[[ Collected data open ]]
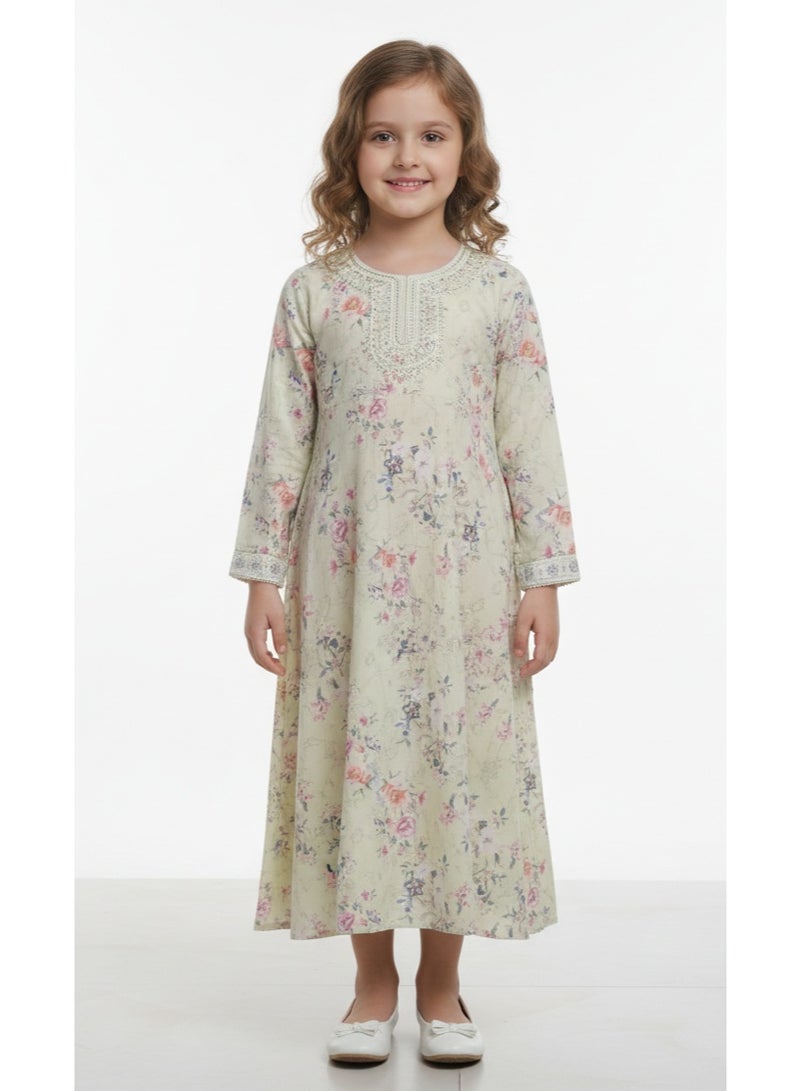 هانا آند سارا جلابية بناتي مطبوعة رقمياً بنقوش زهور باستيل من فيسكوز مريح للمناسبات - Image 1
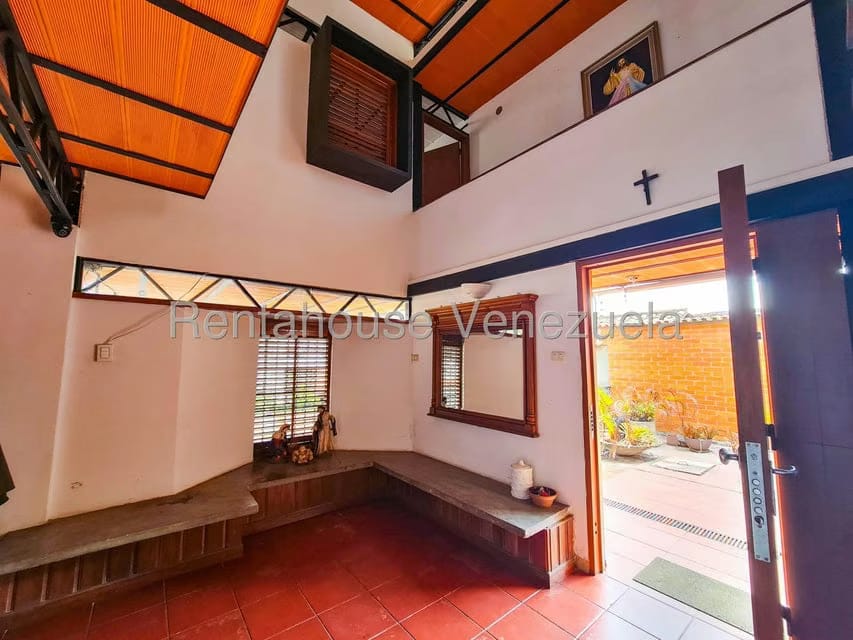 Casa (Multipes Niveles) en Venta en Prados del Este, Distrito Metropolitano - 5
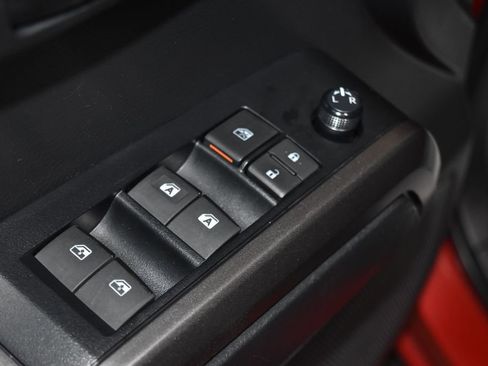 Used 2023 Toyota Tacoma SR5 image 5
[[ Collected data closed ]]
**Task description**
For this exercise, return the data above exactly and leave every picture out.

**Answer space**
 هانا آند سارا جلابية بناتي مطبوعة رقمياً بنقوش زهور باستيل من فيسكوز مريح للمناسبات - Image 1
 Casa (Multipes Niveles) en Venta en Prados del Este, Distrito Metropolitano - 5
 Used 2023 Toyota Tacoma SR5 image 5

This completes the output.